Jesus comes on the scene in the midst of an argument in the face of human suffering. He’s viewed as part medicine man, part sideshow attraction, part Superstar, part miracle worker. And those who have pressed in to see him, even those closest to him, aren’t quite sure what to expect or to make of him. And before the disciples and the scribes can get their acts together, and confess to him what the devil it is that they’re going at it about, Jesus makes room for the man to seek healing for his child—makes room for grace and transformation, doing the unbelievable in the midst of those working out their own disbelief, even in the midst of those who believe but just don’t understand.

Jesus has seen the mountaintop and again and again, his story is about where he meets people...back down in the valleys, back down on the plains, back down off the mountain. Jesus descends the mountain from prayer and solitude, the place of encounter with the Other and transformation, and brings a message of hope and healing, reconciliation and the glimpse of what might yet become into the midst of a world that has not seen the beauty of it all, certainly not from that vantage point.

We too are called into the world as people of hope, as a people of transformation—holding up the various broken parts of our very lives in the name of healing and wholeness—in the name of Christ. This is the message of Christ for us, and it is the message of Christ called to flow from us.
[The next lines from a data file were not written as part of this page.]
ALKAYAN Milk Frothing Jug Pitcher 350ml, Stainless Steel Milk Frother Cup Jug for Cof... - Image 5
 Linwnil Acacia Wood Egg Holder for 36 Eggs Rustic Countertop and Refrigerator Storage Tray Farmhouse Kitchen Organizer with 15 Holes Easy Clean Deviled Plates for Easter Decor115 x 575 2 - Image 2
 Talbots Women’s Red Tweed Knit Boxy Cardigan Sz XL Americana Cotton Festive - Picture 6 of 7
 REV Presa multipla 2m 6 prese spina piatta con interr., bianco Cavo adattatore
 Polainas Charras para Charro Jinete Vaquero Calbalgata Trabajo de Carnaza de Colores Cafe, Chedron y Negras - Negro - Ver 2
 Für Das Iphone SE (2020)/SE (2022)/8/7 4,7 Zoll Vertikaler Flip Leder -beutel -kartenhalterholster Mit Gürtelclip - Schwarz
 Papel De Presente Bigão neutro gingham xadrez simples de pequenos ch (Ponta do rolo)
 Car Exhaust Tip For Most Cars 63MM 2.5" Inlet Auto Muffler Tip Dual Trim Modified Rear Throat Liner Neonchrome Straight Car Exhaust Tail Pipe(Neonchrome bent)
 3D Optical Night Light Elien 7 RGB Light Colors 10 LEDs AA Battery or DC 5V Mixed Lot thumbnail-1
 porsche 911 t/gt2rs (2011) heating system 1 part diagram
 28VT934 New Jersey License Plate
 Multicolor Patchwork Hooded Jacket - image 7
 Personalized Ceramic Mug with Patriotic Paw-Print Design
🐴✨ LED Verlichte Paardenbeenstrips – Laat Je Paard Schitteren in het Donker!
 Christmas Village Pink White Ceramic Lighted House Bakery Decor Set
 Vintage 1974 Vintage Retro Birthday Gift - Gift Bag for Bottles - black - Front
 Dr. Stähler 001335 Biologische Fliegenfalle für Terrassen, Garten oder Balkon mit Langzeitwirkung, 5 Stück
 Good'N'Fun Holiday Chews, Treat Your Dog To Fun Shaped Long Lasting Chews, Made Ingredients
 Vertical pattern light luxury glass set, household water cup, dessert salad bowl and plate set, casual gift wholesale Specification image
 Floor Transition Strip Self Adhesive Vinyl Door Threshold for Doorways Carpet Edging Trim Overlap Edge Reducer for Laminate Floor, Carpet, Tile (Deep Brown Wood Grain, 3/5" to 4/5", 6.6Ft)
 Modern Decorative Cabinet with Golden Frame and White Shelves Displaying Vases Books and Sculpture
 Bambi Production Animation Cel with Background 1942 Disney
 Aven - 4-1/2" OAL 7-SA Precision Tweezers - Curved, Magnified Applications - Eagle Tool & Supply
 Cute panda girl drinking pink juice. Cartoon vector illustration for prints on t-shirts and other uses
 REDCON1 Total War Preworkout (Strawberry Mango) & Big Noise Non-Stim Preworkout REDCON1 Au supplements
There are days and there will be days when this makes more sense than others … that’s part of our story, too—that ebb and flow between moments of great belief and moments when were not so sure just what it is that we believe. And there will be times when this belief is challenged, perhaps stretched so thin that we’re not sure if there will be any going back. But the message of God in Christ is that there is redemption, that there is union and communion with the Other, there is healing and there is wholeness.

Friends, we are called to live out our faith in community with one another, and we’re called in community and as individuals through our faith and beyond our doubts to get busy—called to works of compassion, works of forgiveness, and works for others in any need or necessity or want. We’re called as Christians to see the risen Christ in our very midst, but more than that, to make Christ seen and make Christ REAL in the midst of a world torn by strife, ripped by war and hatred, wounded by misunderstanding and prejudice, severed by egos, shattered in so many ways unthinkable that we must be compelled to take action—not transfixed by the majesty or the magnitude or the awesomeness of the possibilities of God’s working, but as active agents of transformation and change—people living out the Good News, agents of healing, workers for peace, movers of mountains, messengers of hope.

May we know the miracles of Christ working in our own day. May we stand ready to recognize the One, who more often than not is in our very midst. Amen.